**ACTIVITY**
Where the data below begins, start duplicating lines exactly, and finish with the line containing "ロング カラー エクステ 🦋REISA🦋 エクステ×ハイトーンのヘアスタイル"; add nothing else. Leave the pictures out.

+ + + + +

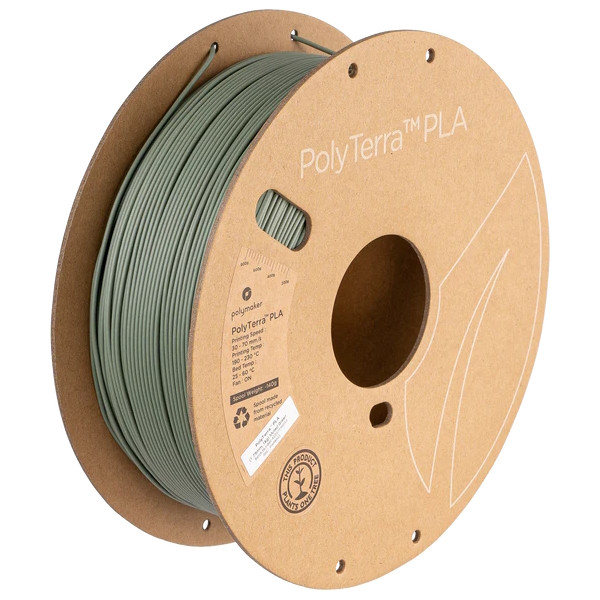 Polymaker PLA filament | Muted Green | 1,75mm | 1kg | PolyTerra PA04003 DFP14347 - 1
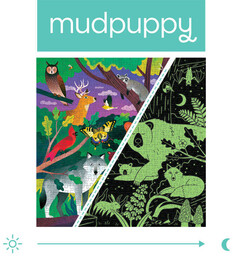 Mudpuppy, Puzzle rodzinne świecące w ciemności Las, 500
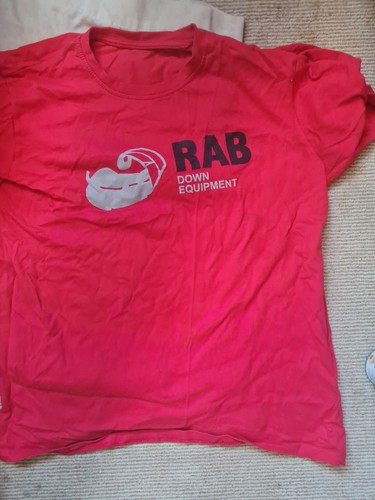 Rab men red graphic logo - red,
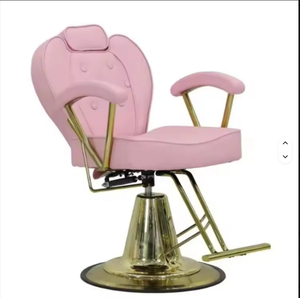 New Design Cream Color Hot Sale Modern Barber Salon Styling Chair Hairdressing Chair Saloon Chairs for Beauty Salon - Product Image 2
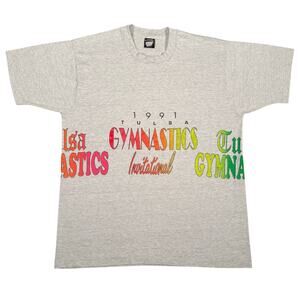 Vintage 1991 Tulsa Gymnastics Invitational T-Shirt USA Made Single Stitch XL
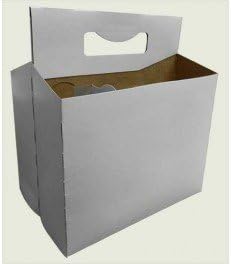TFD Supplies Six Pack Bottle Cardboard Carrier Boxes for 12oz Beer or Soda Bottles (150 Pack)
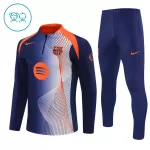 FC Barcelona Trainingssweaterset Kind 2025/26 Kwartrits Blauwe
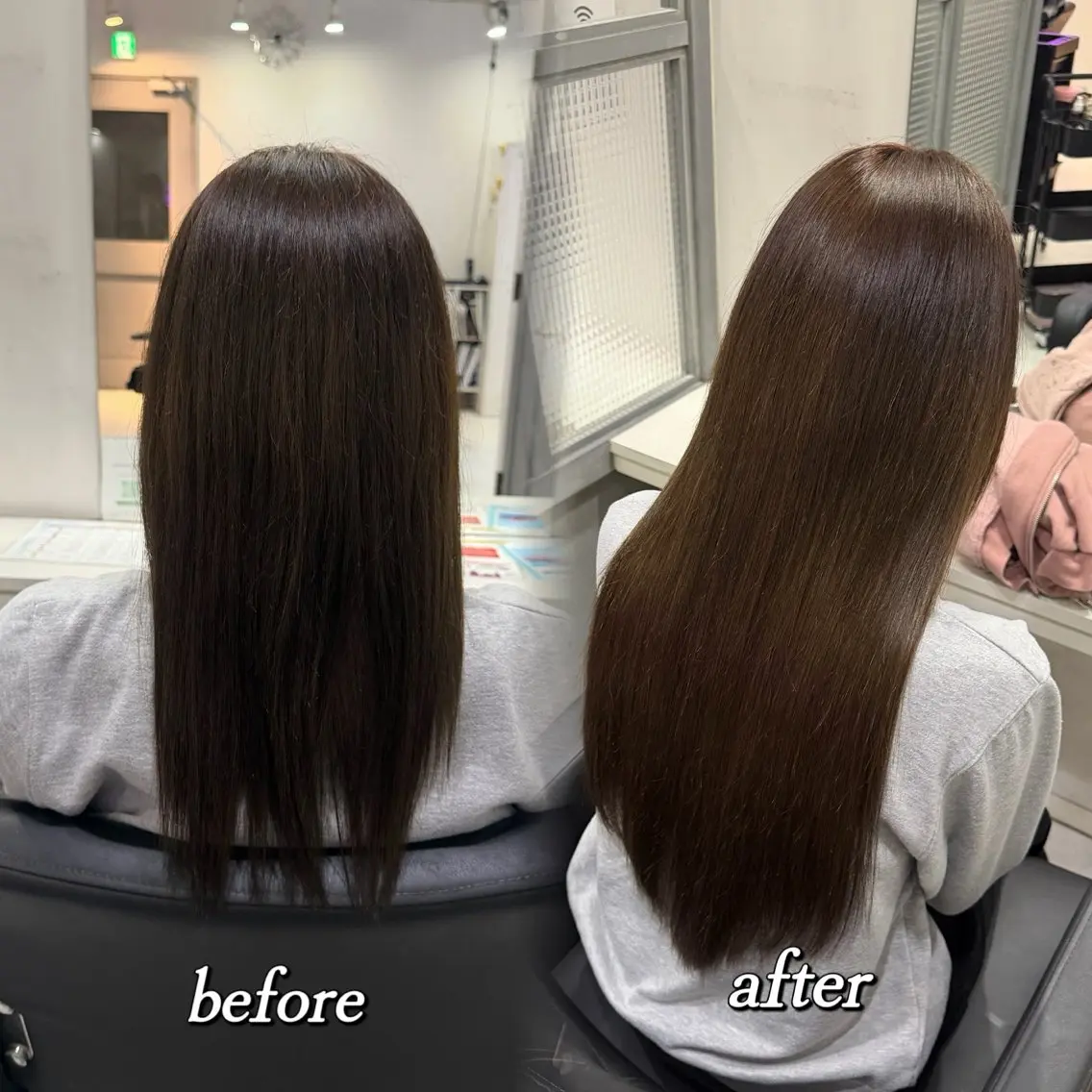 ロング カラー エクステ 🦋REISA🦋 エクステ×ハイトーンのヘアスタイル
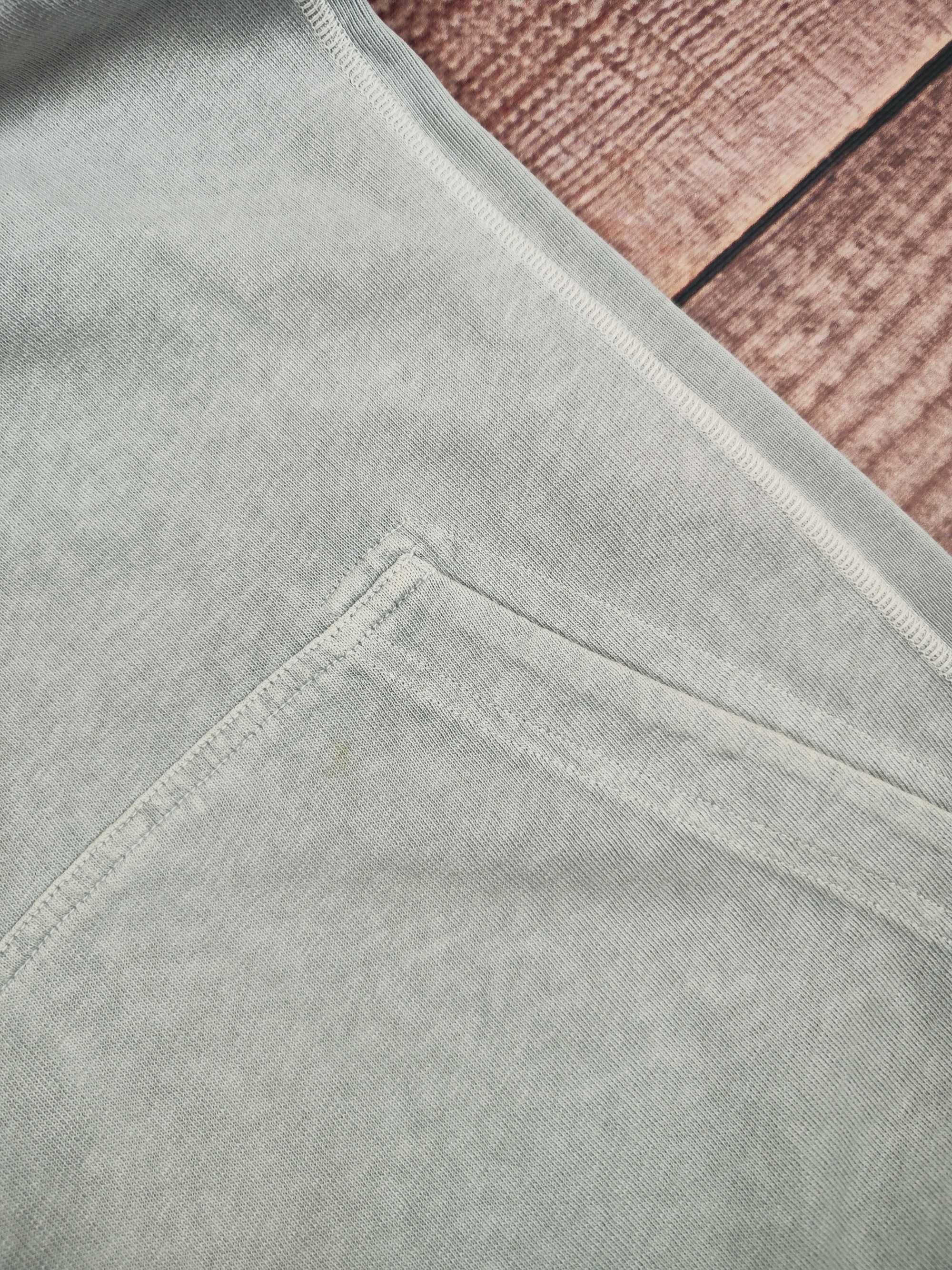 Bluza Stone Island z kapturem hoodie szara męska r. L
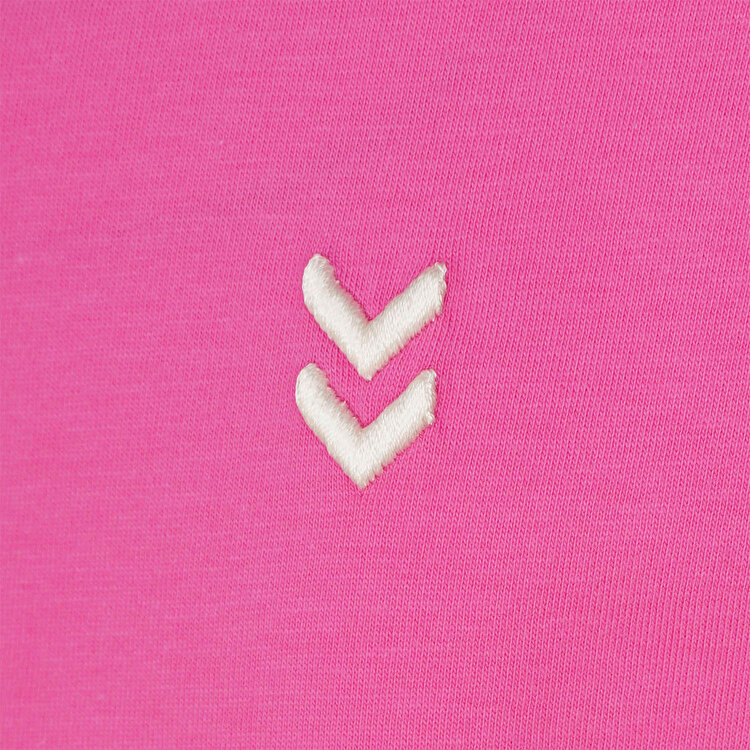 Hummel Pulse Kids Çocuk Pembe Yuvarlak Yaka Tişört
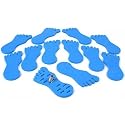 12 Toe Ring Displays Foam Foot Blue Body Jewelry Holder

+ + + + +

**EXERCISE RESULT**
 Polymaker PLA filament | Muted Green | 1,75mm | 1kg | PolyTerra PA04003 DFP14347 - 1
 Mudpuppy, Puzzle rodzinne świecące w ciemności Las, 500
 Rab men red graphic logo - red,
 New Design Cream Color Hot Sale Modern Barber Salon Styling Chair Hairdressing Chair Saloon Chairs for Beauty Salon - Product Image 2
 Vintage 1991 Tulsa Gymnastics Invitational T-Shirt USA Made Single Stitch XL
TFD Supplies Six Pack Bottle Cardboard Carrier Boxes for 12oz Beer or Soda Bottles (150 Pack)
 FC Barcelona Trainingssweaterset Kind 2025/26 Kwartrits Blauwe
 ロング カラー エクステ 🦋REISA🦋 エクステ×ハイトーンのヘアスタイル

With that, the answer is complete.